Do What Is Best For You


"Monkey See, Monkey Do" is the famous saying, right?  Children or so impressionable and it makes sense by nature they should be.  In the Wild, say like Lions for example, a Lioness shows her cubs how to stalk, prowl, and hunt successfully by having them watch her.  She doesn’t sit there and say, “Okay today we will start the lesson with prowling.”  No, she just lives her life and they watch and try to emulate what she does.  Also, nothing shows the bear cub how important and valuable they are - when a Momma Bear goes ballistic trying to protect them no matter what the odds.  This said, it should not be a surprise that many of our adult life lessons stem from early childhood memories of watching our parents and what watching their life can say about us.

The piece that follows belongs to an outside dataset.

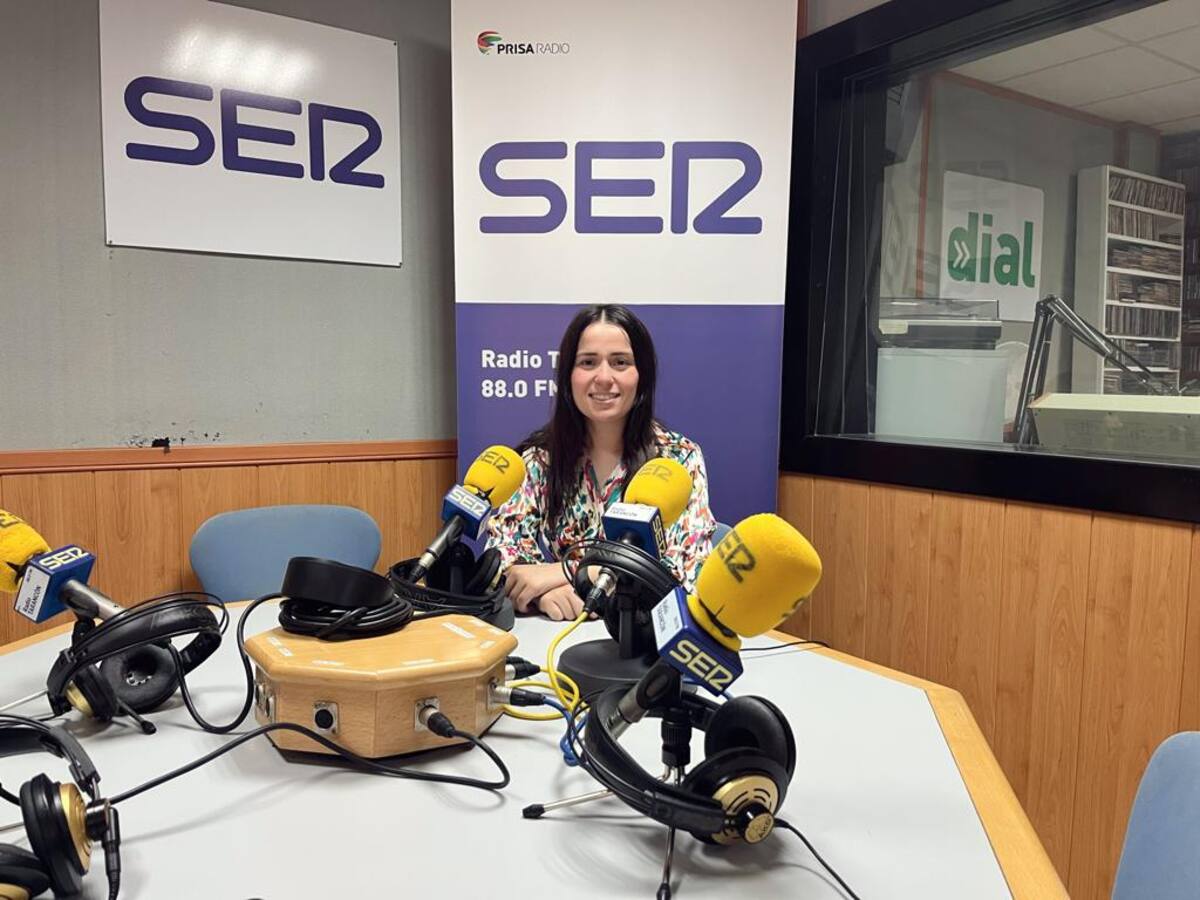 Mayte Mejía, candidata del PSOE a la alcaldía de Horcajo de Santiago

I am going to tell you one of my best memories as a child.  I could tell a gazillion stories but one particularly sticks out as being one of the most instructional.  Now keep in mind, my mother was not intending to teach me a life lesson here, she was only living her life in the moment (like the lioness mentioned earlier).
 
So as a child, I was a severe asthmatic.  I was on eight different medications (timing is everything, haha) and unfortunately at an early age I was very familiar with hospitals and doctor’s offices.  Even with this said, my mother never wanted that to hold me back from anything I wanted to do.  Her philosophy was, “If you can’t breathe, stop whatever you're doing.  When you’re ready, just start back up again.”   My parents were both athletic, so it was no surprise to them that I wanted to take swimming lessons.  Unfortunately it was not turning out as well as I had hoped because I could not get the breathing technique down properly.  My mom used to be a Lifeguard and she did her best to teach me herself.  She instructed that the most important thing to do is never to panic (as for me this could also trigger an asthma attack).  So she told me that if at any point I felt an asthma attack coming on to just stop swimming and float until I calmed down enough to continue to get to the side of the pool.
 
One day, we were having a swim meet and I was very nervous because it was our very first one and I was not sure I could finish let alone win.  The coach didn’t have many kids show up that day so she told me to do my best.  Well, it was my turn and I jumped in the water and tried as hard as I could.  It was going horribly wrong because I couldn’t get my breathing down and my heart was racing even before I began the race.  I started to panic.  So I did what my mother said.  I stopped and I began to float.  With my ears under the water, I watched my coach running to the edge of the pool to where I was floating and she was jumping up and down yelling for me to keep going because I was costing them the meet.  I ignored her.  Breathing for me was more important at the moment.  I dreaded the moment I was going to get out of the pool because I knew the yelling would continue.  Then out of nowhere, I watch my mother leap out of the stands.  Flying at top speed she ran up behind my coach who clearly did not see her and then SHOVED the coach tossing her head over heels into the pool.  My mother then pulled me out of the water all the while screaming at the coach “How DARE you yell at my child!  She cannot breathe and you care about your F*ing Score?” And she continued to hurl F-bombs all the way as we marched into the locker rooms to go home.
 
You can probably look back through your life thinking about situations like this and what life lessons it taught you.  Or if you are a parent, you can see how when kids watch your actions what they are learning from you.  What did this situation show me?  The lessons I learned from this experience: (1) always do what is best for you, (2) sometimes you must stand up to authority for what is best for you or someone you love, (3) even if I am not the best - I deserve love and attention, and most of all.... (4) swimming is not my thing.